Acteur central de la crise d’Octobre en 1970, militant socialiste et ancien président du Nouveau parti démocratique au Québec, Paul Rose est décédé jeudi des suites d’une attaque cérébrale.

En 1969, Paul Rose n’est pas encore Paul Rose. À la belle saison, il anime avec d’autres la Maison du Pêcheur à Percé, un vivier de contestataires et de jeunes en quête d’un monde nouveau dont la simple expression des rêves suscite déjà la colère des autorités. Imaginez alors le moment où ce groupe s’empare de la station de radio de New Carlisle pour dénoncer sur les ondes la misère dont souffrent les Gaspésiens !

Né dans le quartier Saint-Henri en 1943, c’est-à-dire exactement au milieu du monde du Bonheur d’occasion de Gabrielle Roy, Paul Rose a huit ans lorsque sa famille déménage à ville Jacques-Cartier, un quasi-bidonville aujourd’hui avalé par Longueuil. Comme l’écrit Jacques Ferron, médecin du lieu, les chiens de ville Jacques-Cartier remplacent la police, les bécosses, l’égout, les puits, l’aqueduc. Les trottoirs et l’asphalte y sont inexistants.

Garçon d’ascenseur, plongeur, manoeuvre, débardeur, professeur de mathématique et de français ici et là, Paul Rose arrive à payer tant bien que mal ses études au collège Sainte-Marie. Il fait ses gammes politiques au sein du Rassemblement pour l’indépendance nationale présidée par Pierre Bourgault. Toute la famille Rose, à commencer par sa mère Rose Rose, souhaite connaître un jour un monde où les hommes seront égaux non seulement devant la loi, mais aussi dans les faits.

La marginalisation du français, langue de la majorité au Québec, lui apparaît une des injustices criantes qui affectent en définitive la condition socio-économique des siens. Il prend une part active aux rudes manifestations de la Saint-Jean de 1968, à celles pour des écoles françaises à Saint-Léonard la même année, ainsi qu’aux actions qui dénoncent le financement public de l’université anglaise de McGill. Les militants connaissent et reconnaissent ce grand gaillard convaincu et convainquant qui dépasse tout le monde de deux têtes au moins. Mais le grand public ignore encore à peu près qui il est.

 

Crise d’Octobre

Paul Rose ne devient Paul Rose qu’en 1970. Avec Jacques, son frère, Bernard Lortie et Francis Simard, ils forment la cellule Chénier au sein du Front de libération du Québec.

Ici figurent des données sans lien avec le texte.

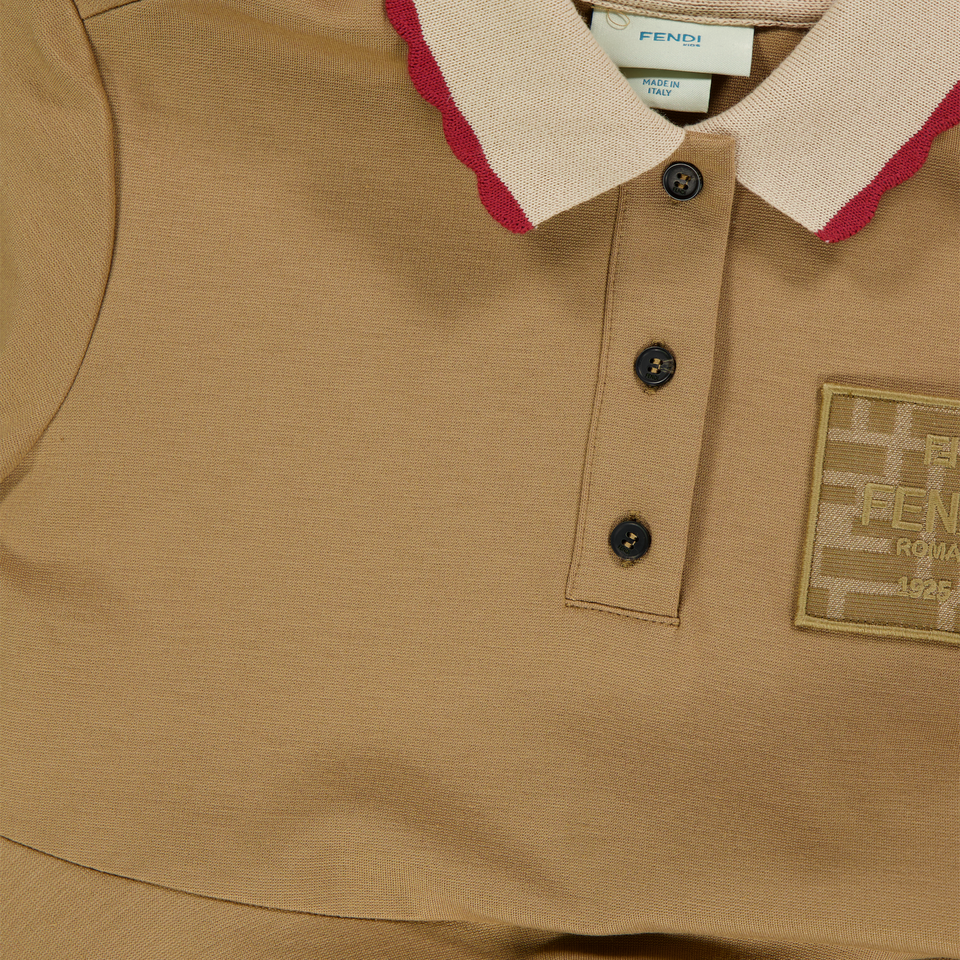 Fendi Kids Girls Dress Camel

Le 10 octobre 1970, cette cellule kidnappe devant chez lui Pierre Laporte, « ministre du chômage et de l’assimilation » du gouvernement de Robert Bourassa, tel que l’affirme le communiqué. Ce faisant, les felquistes tentent de soutenir l’action impromptue d’une autre cellule responsable de l’enlèvement de James Richard Cross, un attaché commercial du Royaume-Uni. Ce type d’action terroriste connaît alors une vague de popularité dans les milieux révolutionnaires internationaux, mais il n’est pas pour autant prisé par l’ensemble des felquistes.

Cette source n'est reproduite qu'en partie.